DATASET EXTRACT Start Marker

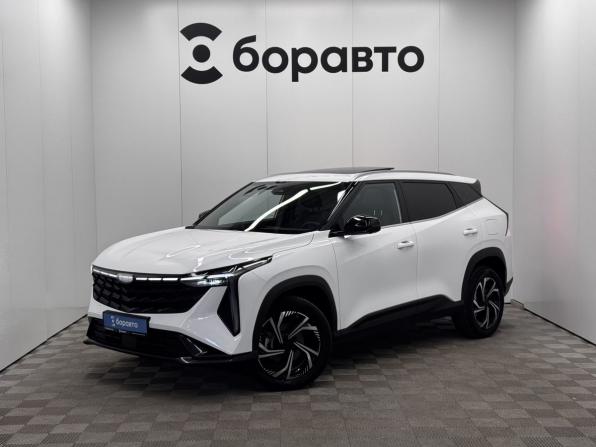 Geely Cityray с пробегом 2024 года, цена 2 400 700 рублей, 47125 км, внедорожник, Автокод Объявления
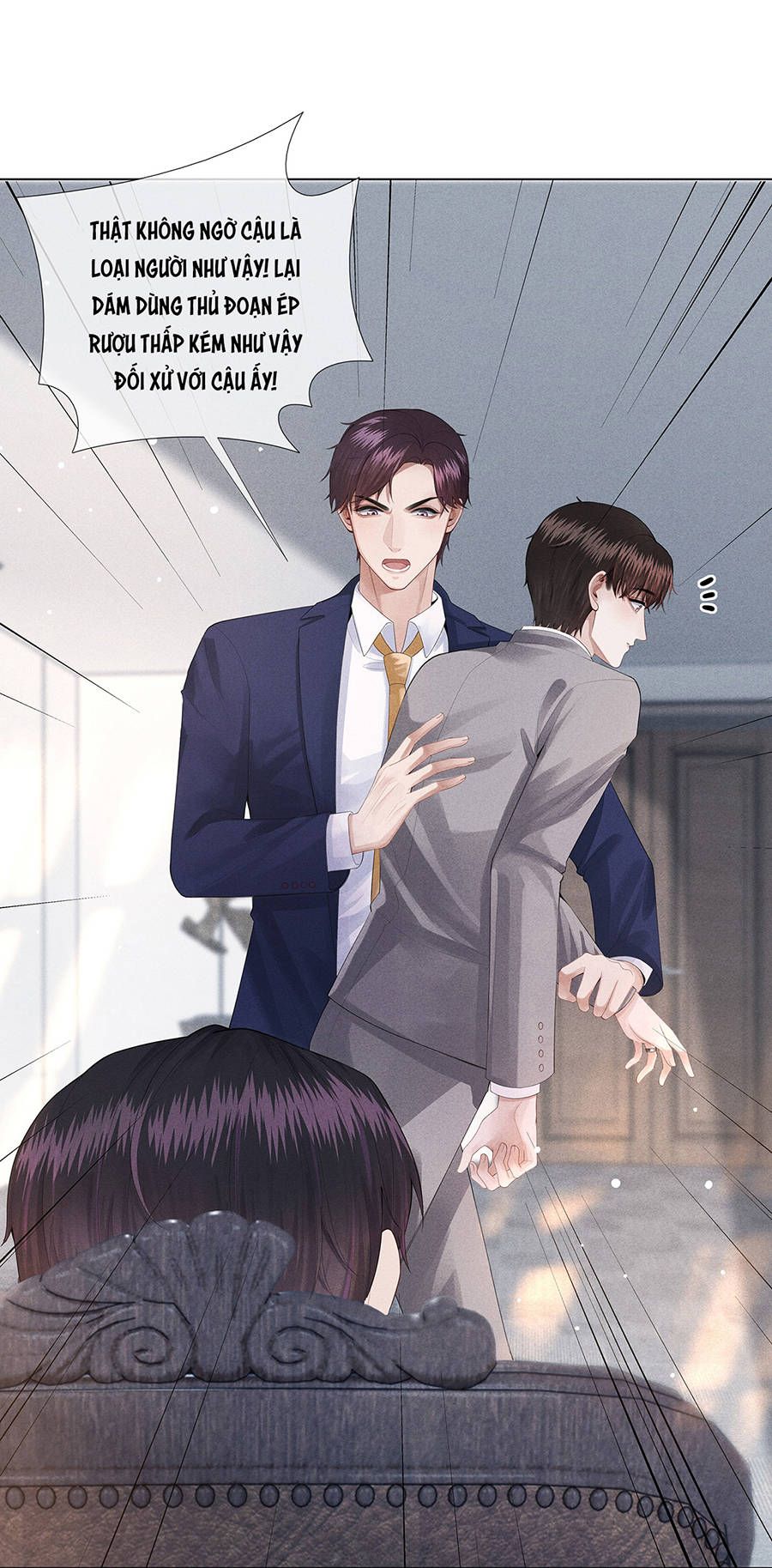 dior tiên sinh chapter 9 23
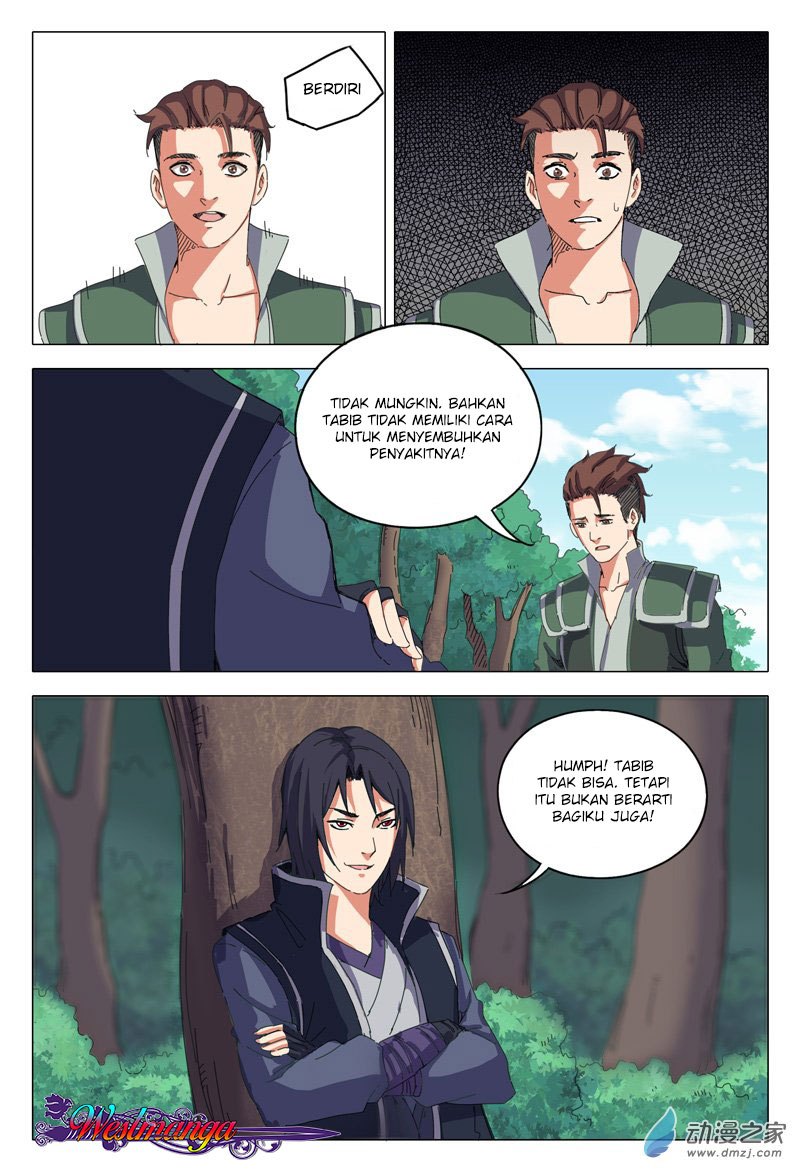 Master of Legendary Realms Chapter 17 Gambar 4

DATASET EXTRACT End Marker

## WHAT TO PRODUCE
Print the entire listing precisely as written, omitting the images it holds.

## EXERCISE RESULT
 Geely Cityray с пробегом 2024 года, цена 2 400 700 рублей, 47125 км, внедорожник, Автокод Объявления
 dior tiên sinh chapter 9 23
 Master of Legendary Realms Chapter 17 Gambar 4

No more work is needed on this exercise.